§ **Problem**:
Pictures in the material below are to be left out, and only the lines from the line with "Bath & body" up to and including the line with "Hendra - Garden" are to be written out exactly.

§ **Provided entries**:
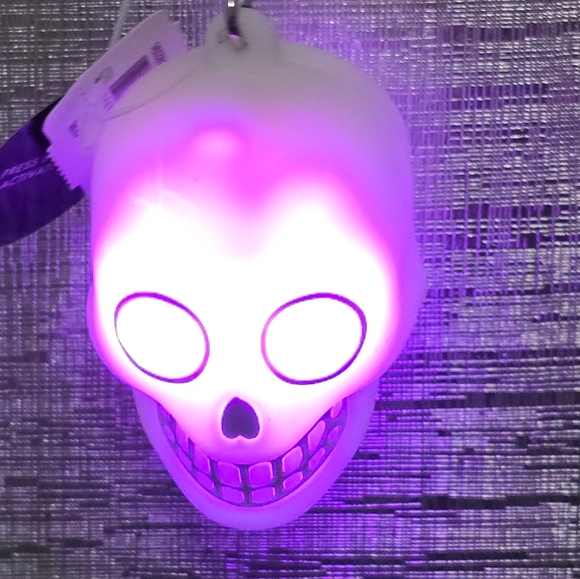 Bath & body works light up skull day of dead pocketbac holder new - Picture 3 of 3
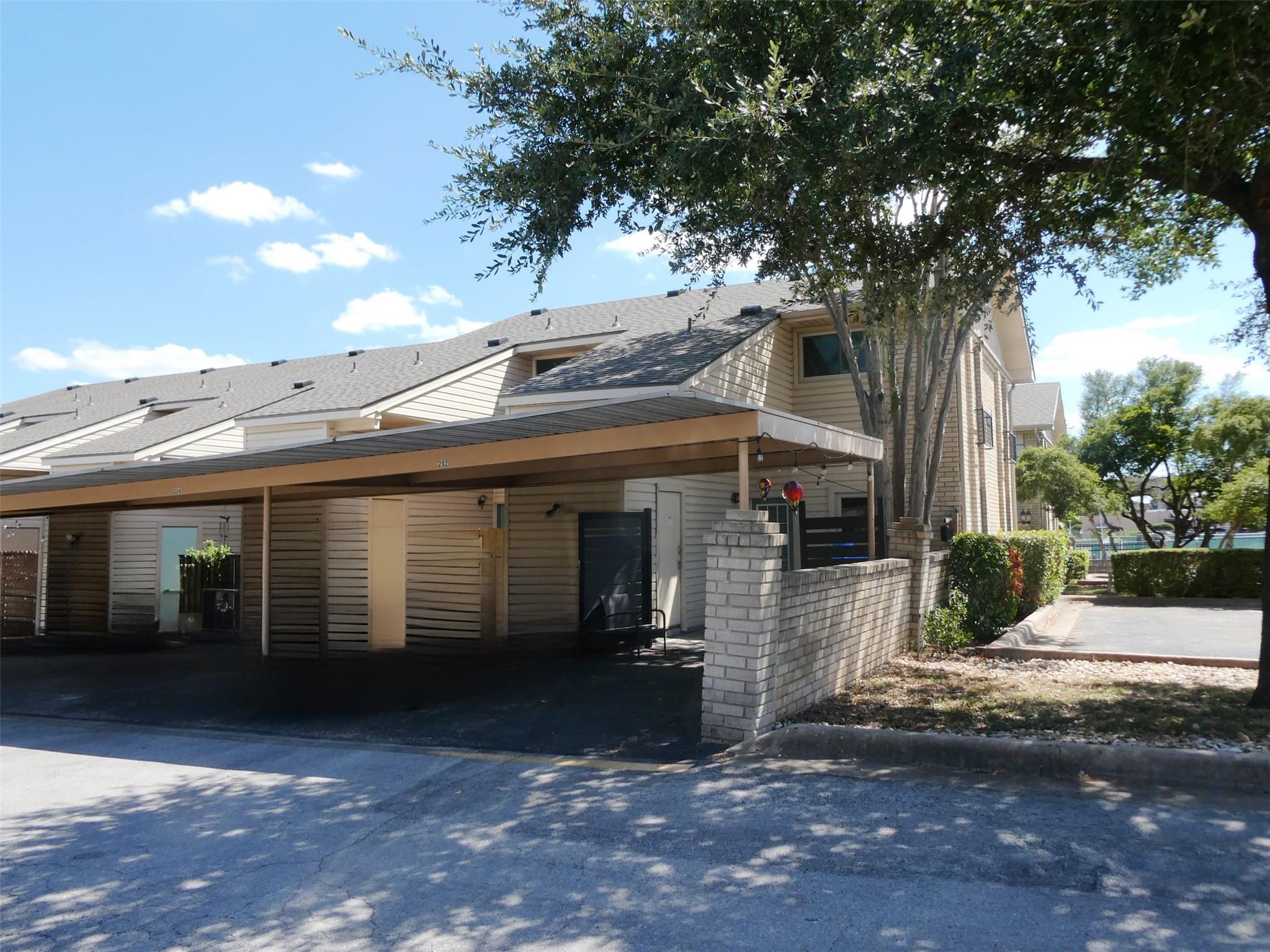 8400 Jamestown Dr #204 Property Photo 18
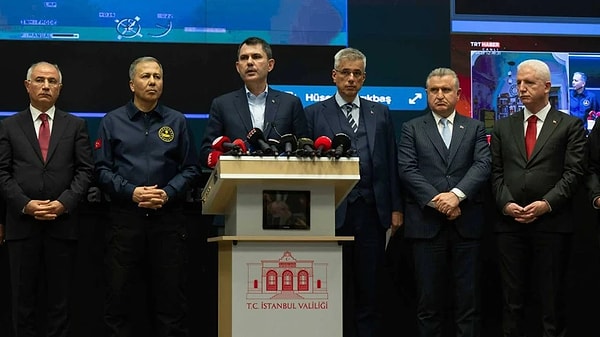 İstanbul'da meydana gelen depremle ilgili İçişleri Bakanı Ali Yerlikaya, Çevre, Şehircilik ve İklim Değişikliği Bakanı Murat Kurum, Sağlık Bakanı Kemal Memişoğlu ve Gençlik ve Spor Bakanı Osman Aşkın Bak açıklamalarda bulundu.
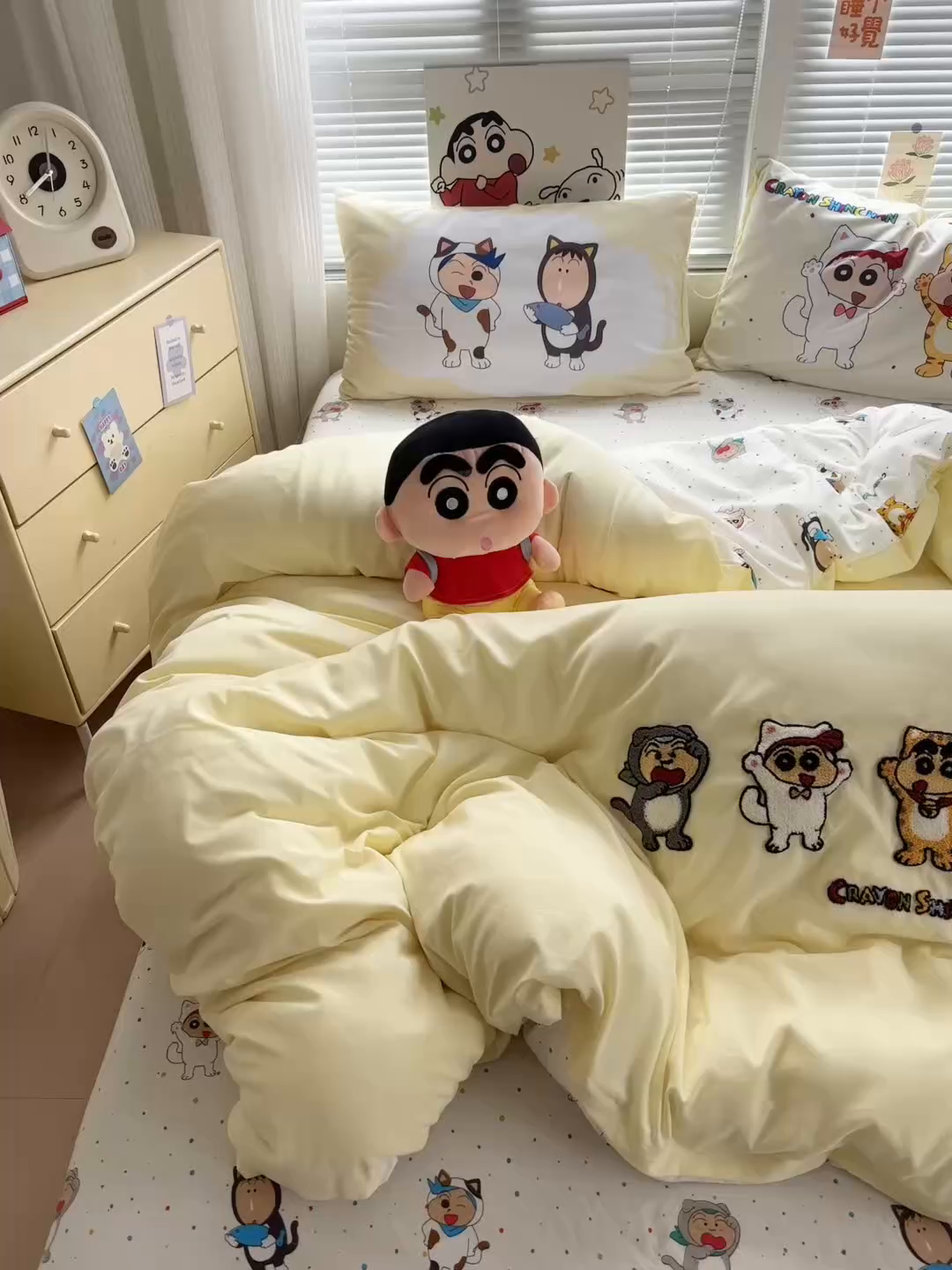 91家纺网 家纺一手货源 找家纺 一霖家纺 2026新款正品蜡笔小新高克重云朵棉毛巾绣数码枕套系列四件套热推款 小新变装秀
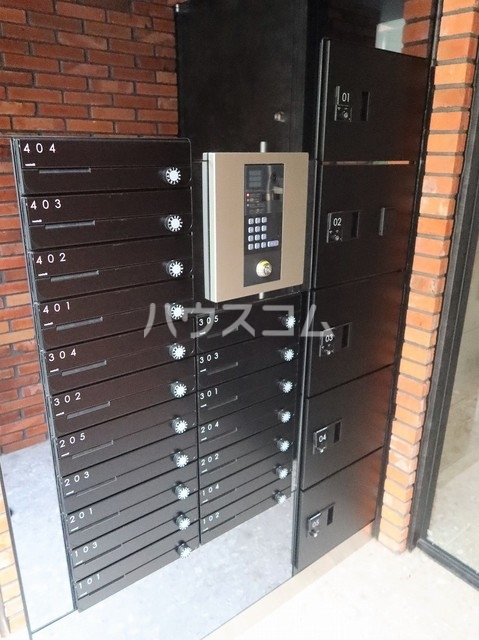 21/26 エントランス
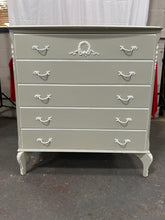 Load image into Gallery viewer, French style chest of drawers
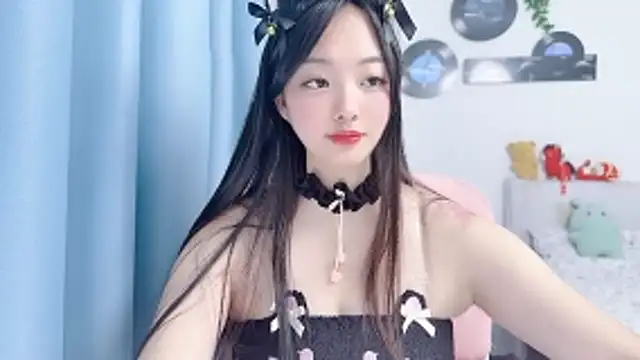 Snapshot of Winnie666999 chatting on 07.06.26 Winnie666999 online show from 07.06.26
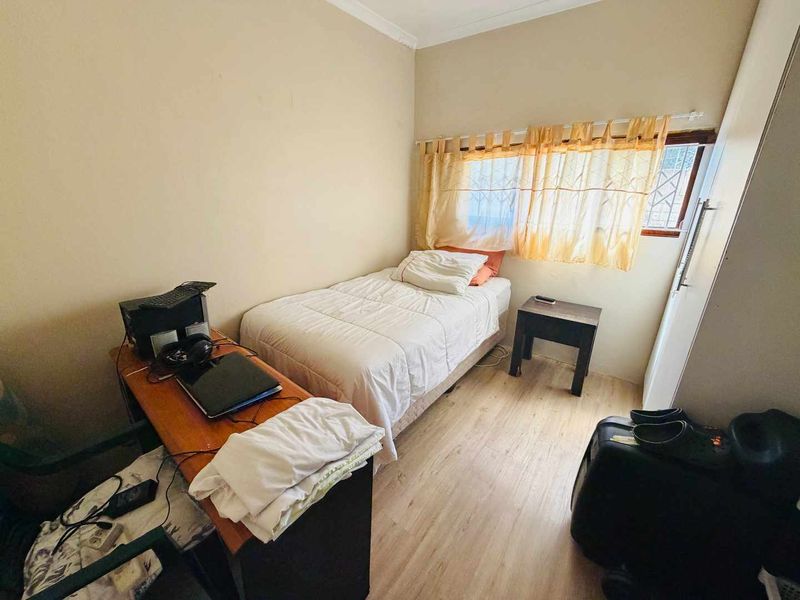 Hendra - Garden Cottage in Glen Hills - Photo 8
---
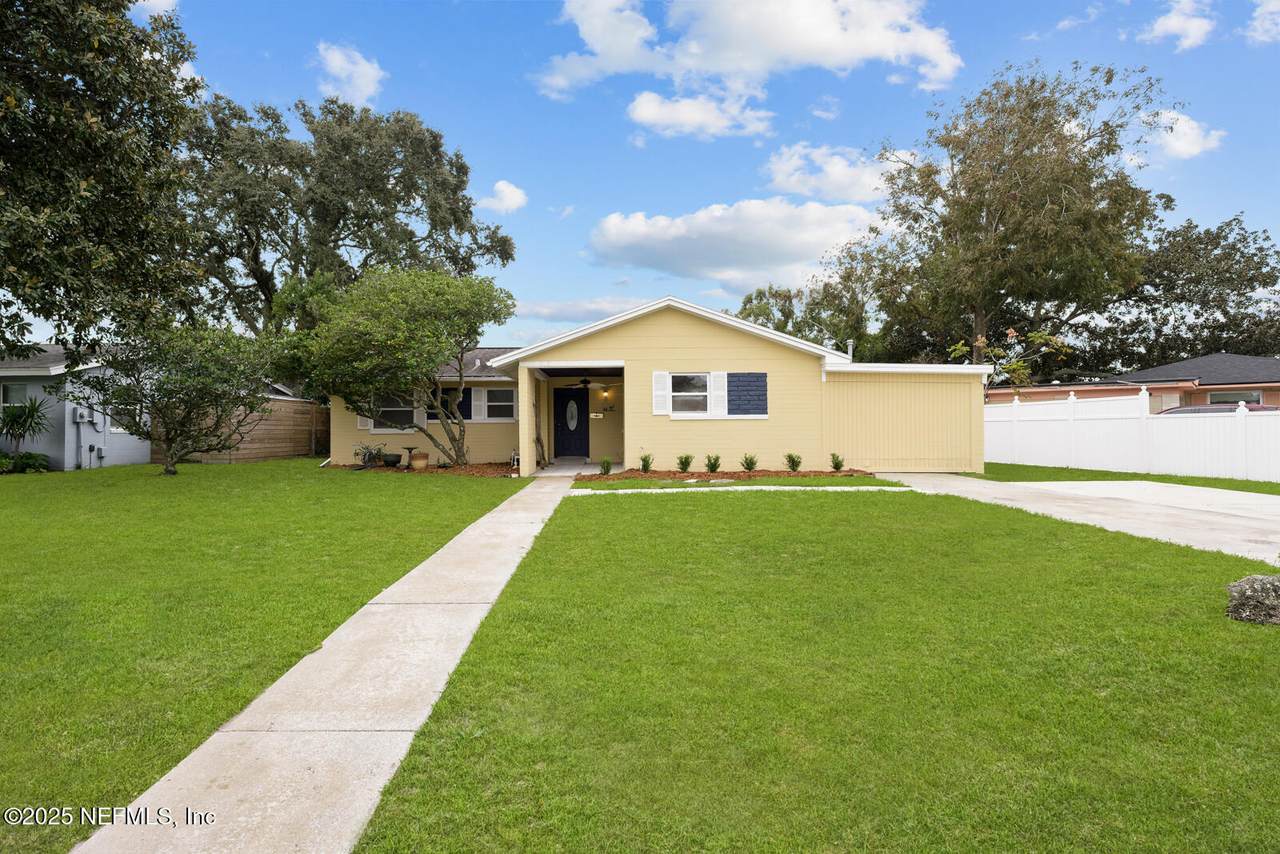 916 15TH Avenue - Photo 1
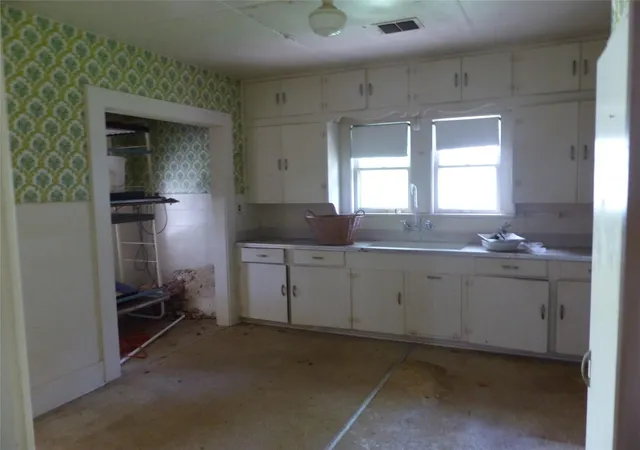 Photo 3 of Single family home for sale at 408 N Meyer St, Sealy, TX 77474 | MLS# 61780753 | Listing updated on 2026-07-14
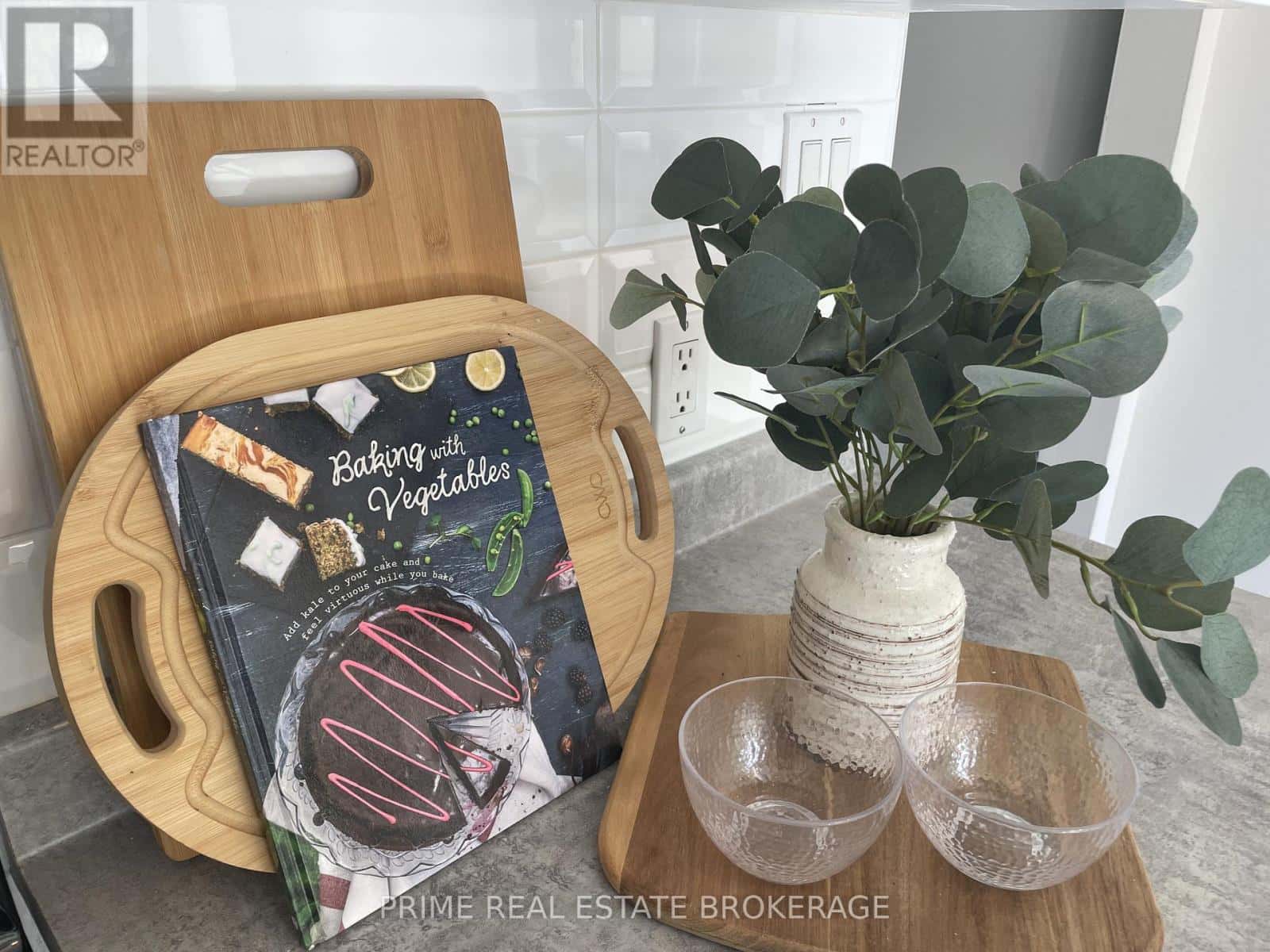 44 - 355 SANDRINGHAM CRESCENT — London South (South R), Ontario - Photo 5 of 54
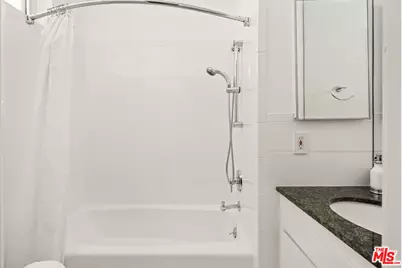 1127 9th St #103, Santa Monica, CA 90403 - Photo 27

§ **Result of this exercise**:
 Bath & body works light up skull day of dead pocketbac holder new - Picture 3 of 3
 8400 Jamestown Dr #204 Property Photo 18
 İstanbul'da meydana gelen depremle ilgili İçişleri Bakanı Ali Yerlikaya, Çevre, Şehircilik ve İklim Değişikliği Bakanı Murat Kurum, Sağlık Bakanı Kemal Memişoğlu ve Gençlik ve Spor Bakanı Osman Aşkın Bak açıklamalarda bulundu.
 91家纺网 家纺一手货源 找家纺 一霖家纺 2026新款正品蜡笔小新高克重云朵棉毛巾绣数码枕套系列四件套热推款 小新变装秀
 21/26 エントランス
 Load image into Gallery viewer, French style chest of drawers
 Snapshot of Winnie666999 chatting on 07.06.26 Winnie666999 online show from 07.06.26
 Hendra - Garden Cottage in Glen Hills - Photo 8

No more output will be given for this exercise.